= Frankfurt's Way or Labour's Way =

"Frankfurt's Way or Labour's Way" (sometimes repeated as "Labour's Way or Frankfurt's Way") was a campaign slogan used by the then Irish Labour Party leader Eamon Gilmore in advance of the country's 2011 general election. The phrase has become an archetypal example of a broken election promise in Irish politics. Described as "a desperate attempt to get votes", Gilmore claimed on 3 February 2011 that the Labour Party (if put into power) would renegotiate the recent EU-IMF deal brought in under the Fianna Fáil-Green Party coalition. The promise was made as Gilmore launched Labour's economic plan. Frankfurt (in Germany) is the location of the headquarters of the European Central Bank (ECB). The party made a very strong showing, almost doubling its share of the vote to become the second-largest party in the Dáil, its best showing ever. It then formed its own coalition with Fine Gael, but did not renegotiate the deal.

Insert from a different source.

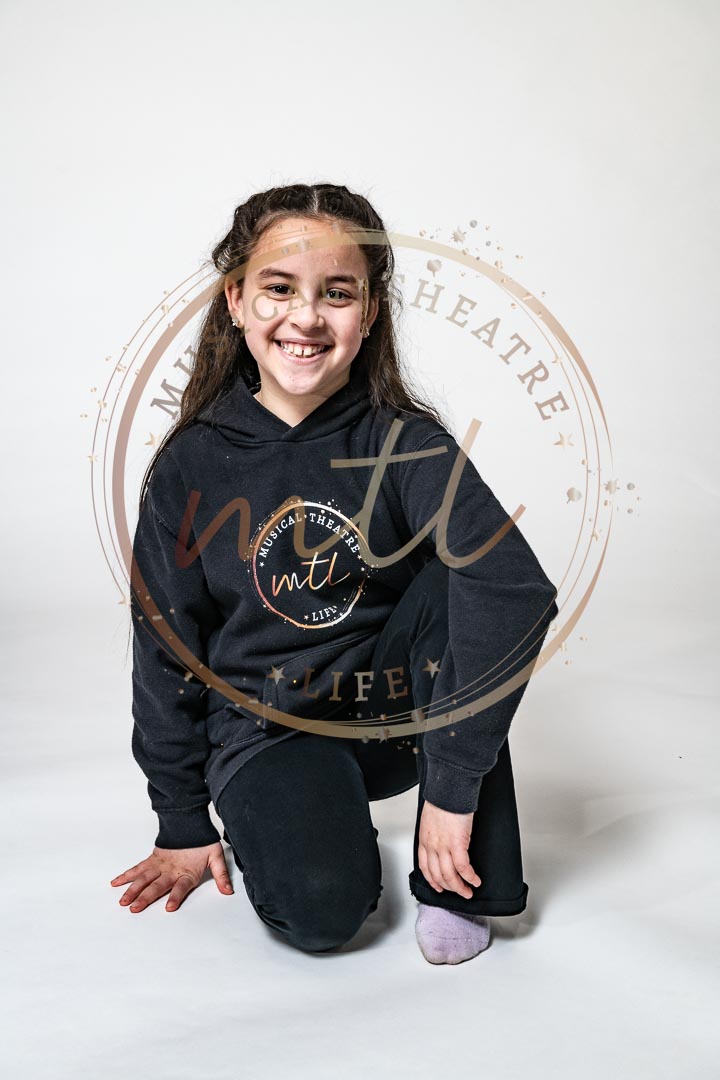 Aliza-3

In 2012, after a decline of 25 per cent in their vote previous year's election evaporated, the Irish Independent said the Labour Party was "haunted" by the promise. The following month, the European Fiscal Compact was enshrined in the Constitution, thereby ensuring the very fiscal compliance Labour had vowed to oppose. Gilmore's promise was also mentioned following the rush through the Oireachtas of legislation to liquidate IBRC in 2013. Even Labour stalwart Fergus Finlay admitted in 2015 that it was "a phrase he [Gilmore] had difficulty living down". However, Alan Kelly claimed "A lot of Labour's way was achieved" when quizzed on Gilmore's promise in 2015.

In Labour's centenary year, state television (RTÉ) produced a two-part documentary on the history of the party, titled Labour's Way.